Legally incompetent people (minors or severely mentally ill) may not possess firearms, and it is illegal to provide them with firearms as well. Furthermore, people who have been found guilty of a crime and thus been prohibited for life to own a weapon may not possess firearms, nor is it legal to provide them with firearms.
Firearms with a barrel shorter than 50 cm or full-auto capability have a $ 1000 transfer tax, firearms with both those features have a $ 2000 transfer tax.
Iberian firearm laws are generally fairly lax, owing in part to the Tradicionalista's long-standing support for firearms ownership, but in particular to the 1986 Freedom of Arms Act and the 2001 Arms Ownership Act, both of which re-evaluated previous firearms legislation and set new laws regarding ownership and trafficking. The 1986 FoA Act restricted the right to bear arms in regards to individuals with a criminal record (barring consequent appeals to restore an individuals firearm ownership rights) or a history of mental illness, but also increased the freedoms of various other stratum of society, notably, veterans of the armed forces are considered under the FoA Act to be eligible to own most forms of armament, whilst the Act also closed a loophole restricting the rights of Muslims to own firearms (The 2001 AO Act further cemented the right of Muslims to own firearms).
Essentially, the modern law-abiding, sane Iberian citizen can consider the ownership of handguns, hunting rifles and automatic weapons to be entirely feasible, and a profitable civil arms industry has grown in Iberia since the Civil War.
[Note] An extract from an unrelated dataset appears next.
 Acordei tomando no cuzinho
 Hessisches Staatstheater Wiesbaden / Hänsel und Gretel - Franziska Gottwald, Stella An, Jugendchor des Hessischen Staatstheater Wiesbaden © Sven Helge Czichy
Less clearly legislated on is the subject of ammunition, with hollow-point ammunition for both rifles and handguns occupying an ambiguous place in Iberian law, this legal ambiguity is the cause of the famous Hernandez vs. Ceylon court case remaining in a legal limbo since 2005, with the similar case of Gutierrez vs. Singapore only spared from being an ongoing Iberian legal concern by the advent of Singapore's independence (Where, due to the nation of Singapore inheriting the Iberian legal system, the case remains in a legal limbo), in both cases, the issue of home-made hollow point ammunition has caused abrasion within the legal system due to the ambiguous standards applied to the manufacture of such ammunition.
Basically, the Tradicionalista isn't flat-out retarded, so firearms are reasonably free, but the lawyers
are retarded in that way lawyers tend to be, so there's a lot of bizarre loopholes and pitfalls.